What is needed:
Each line of the data must be given back verbatim, with pictures removed.

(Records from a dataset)
★ ★ ★ ★

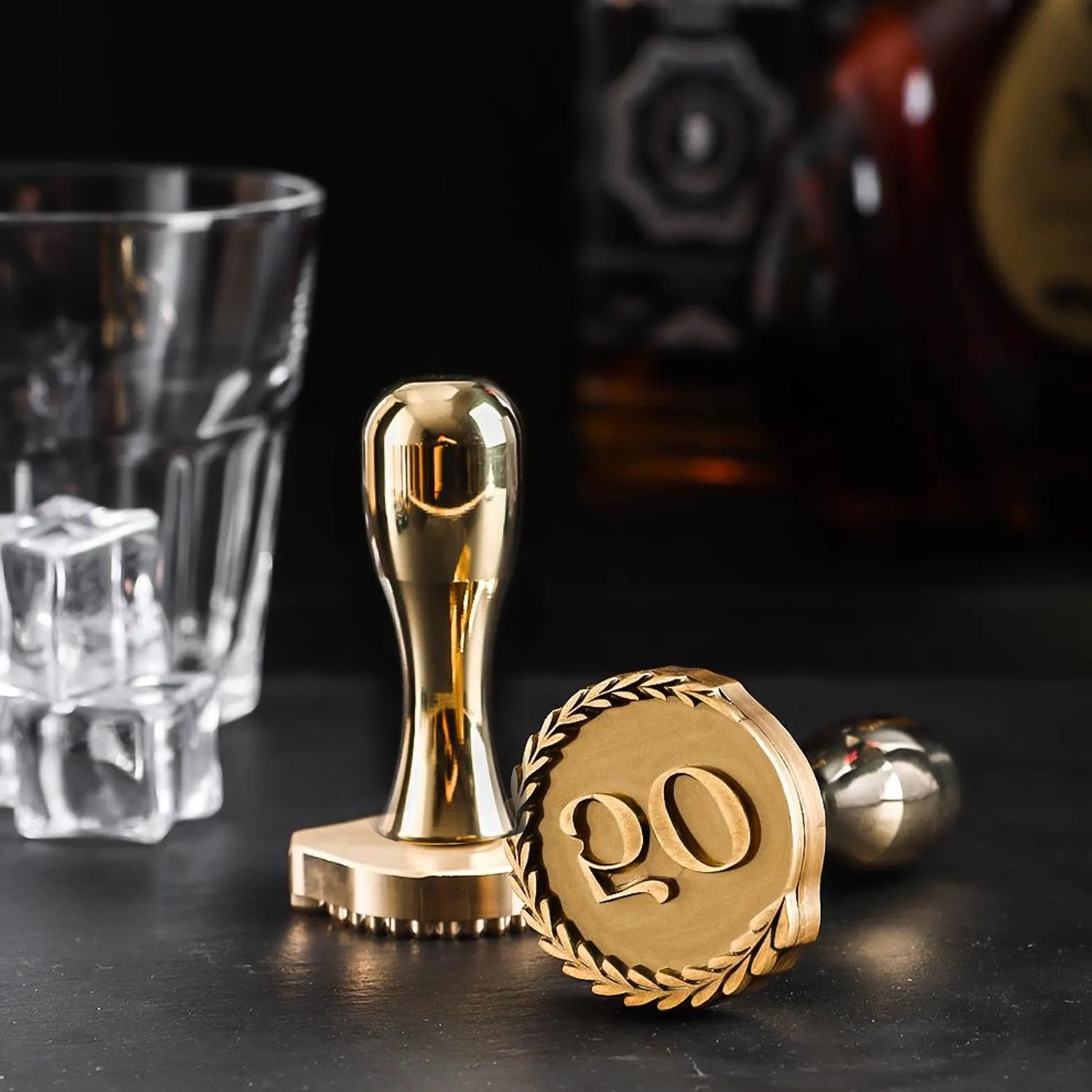 Sello de caucho de hielo de latón con monograma doble de círculo de laurel para Bartender y planificador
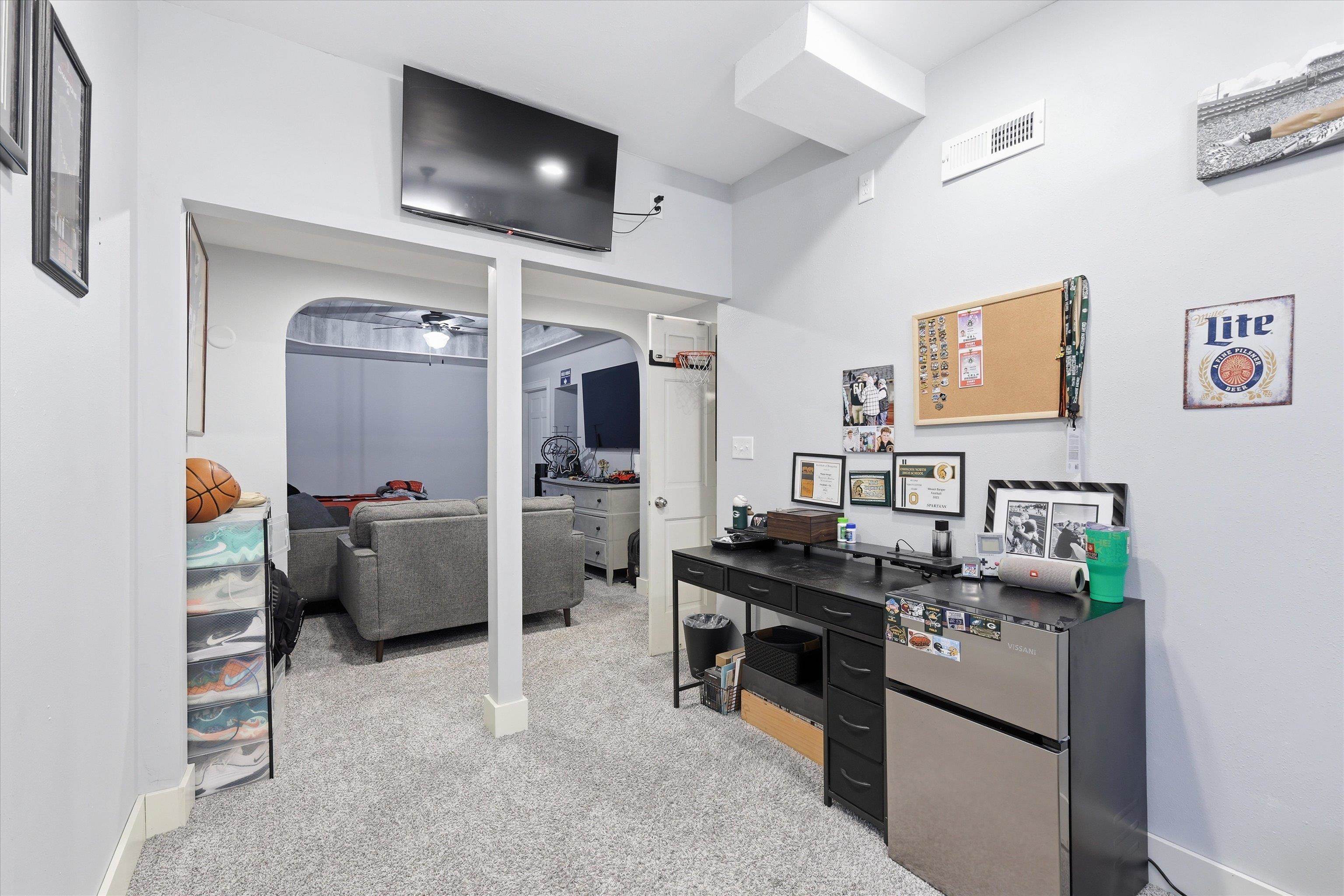 439 East Factory Street Seymour, WI 54165 - Photo 27 of 64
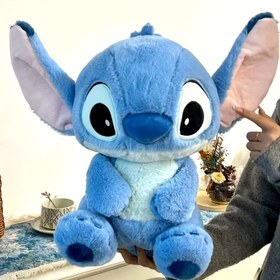 Resim Disney Stitch Peluş Oyuncak - Yumuşak Mavi ve Açık Mavi Büyük Kulaklı Dolgu Hayvan, Yatak Odası, Araba, Koltuk İçin Sevimli Dekorasyon - Noel, Sevgililer Günü, Doğum Günleri için Mükemmel Hediye, Peluş Oyuncaklar 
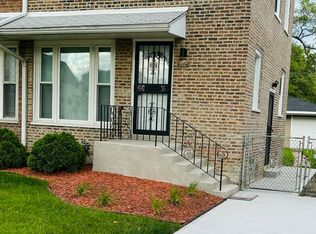 9325 S Calumet Ave, Chicago, IL 60619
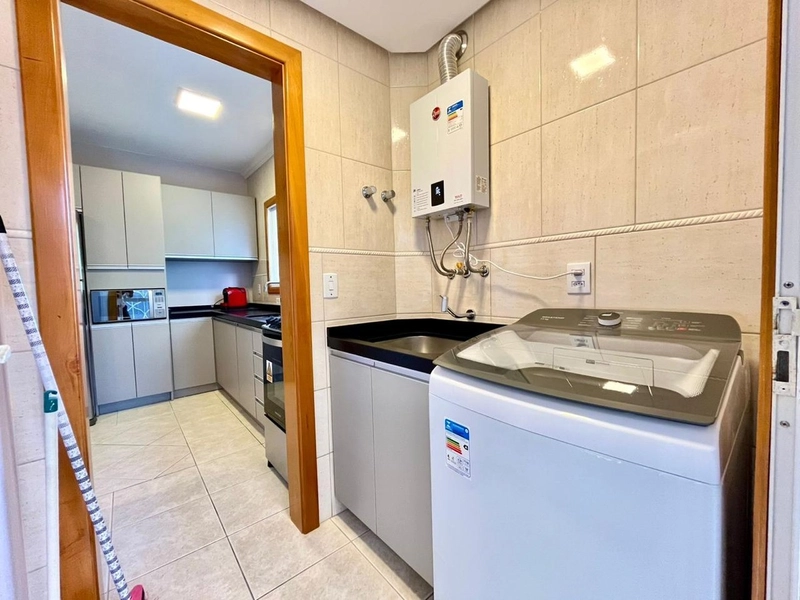Apartamento de 2 Dormitórios com suite sacada de frente: 11ª foto da galeria de imagens do imóvel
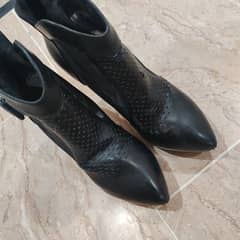 black heel shoes . . . . . size 7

★ ★ ★ ★

Answer section:
 Sello de caucho de hielo de latón con monograma doble de círculo de laurel para Bartender y planificador
 439 East Factory Street Seymour, WI 54165 - Photo 27 of 64
 Resim Disney Stitch Peluş Oyuncak - Yumuşak Mavi ve Açık Mavi Büyük Kulaklı Dolgu Hayvan, Yatak Odası, Araba, Koltuk İçin Sevimli Dekorasyon - Noel, Sevgililer Günü, Doğum Günleri için Mükemmel Hediye, Peluş Oyuncaklar 
 9325 S Calumet Ave, Chicago, IL 60619
Apartamento de 2 Dormitórios com suite sacada de frente: 11ª foto da galeria de imagens do imóvel
 black heel shoes . . . . . size 7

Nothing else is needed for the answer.